- STUDY MATERIAL:
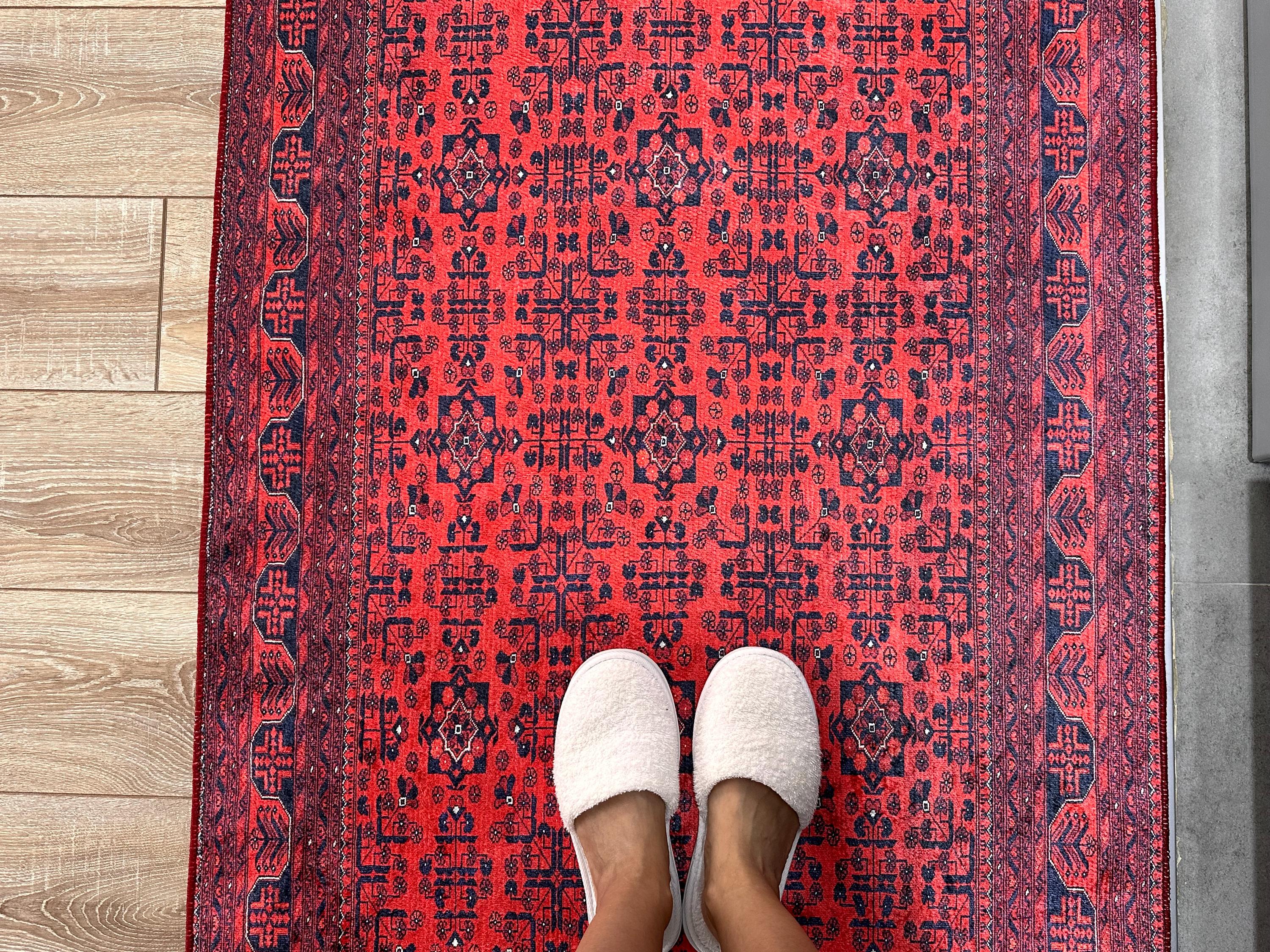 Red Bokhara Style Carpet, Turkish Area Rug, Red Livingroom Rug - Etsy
==
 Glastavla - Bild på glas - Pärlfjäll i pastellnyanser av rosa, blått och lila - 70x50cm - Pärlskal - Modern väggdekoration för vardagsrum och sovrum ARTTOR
---
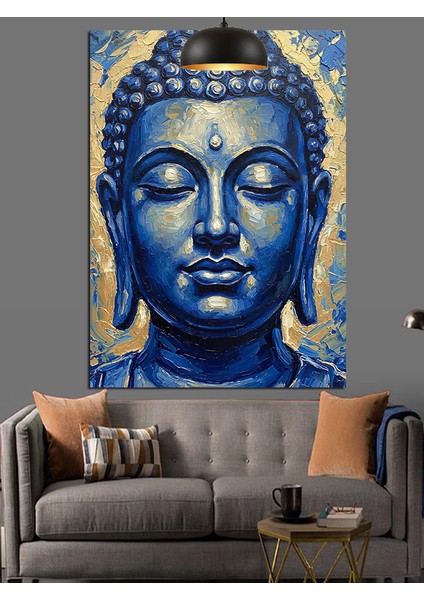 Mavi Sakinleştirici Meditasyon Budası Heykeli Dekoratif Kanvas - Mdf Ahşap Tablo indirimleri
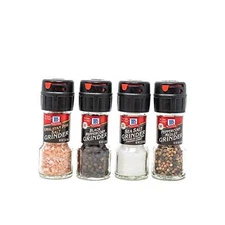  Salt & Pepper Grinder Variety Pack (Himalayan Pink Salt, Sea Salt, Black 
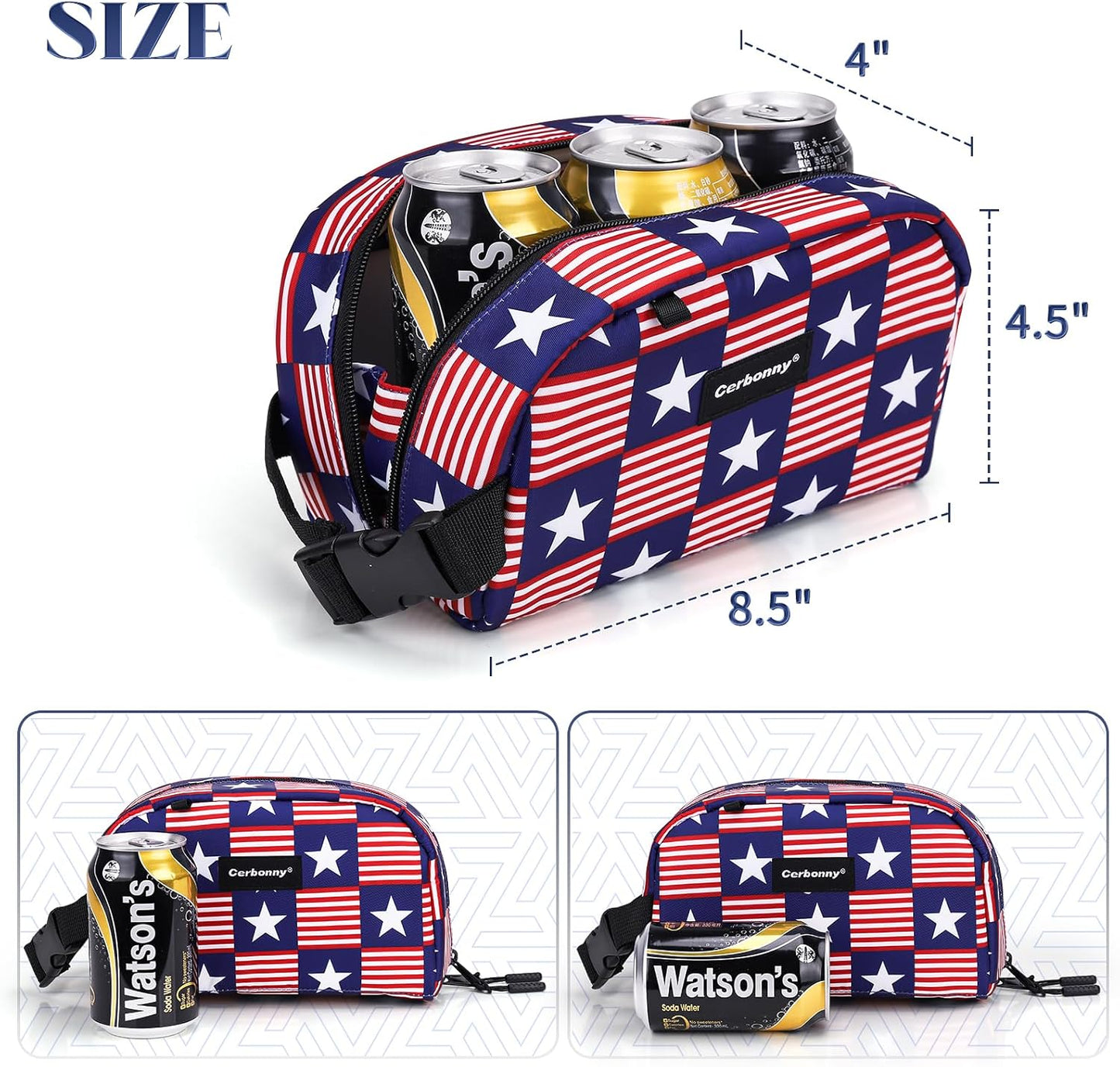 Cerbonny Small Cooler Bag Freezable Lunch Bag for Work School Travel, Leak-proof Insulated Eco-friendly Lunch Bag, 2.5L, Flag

- EXERCISE REQUIREMENTS:
Look through the listing above for the line with "Salt & Pepper" and the line with "Cerbonny Small Cooler". Write out exactly those lines and everything between, leaving out pictures.

- RESPONSE FOR THIS EXERCISE:
  Salt & Pepper Grinder Variety Pack (Himalayan Pink Salt, Sea Salt, Black 
 Cerbonny Small Cooler Bag Freezable Lunch Bag for Work School Travel, Leak-proof Insulated Eco-friendly Lunch Bag, 2.5L, Flag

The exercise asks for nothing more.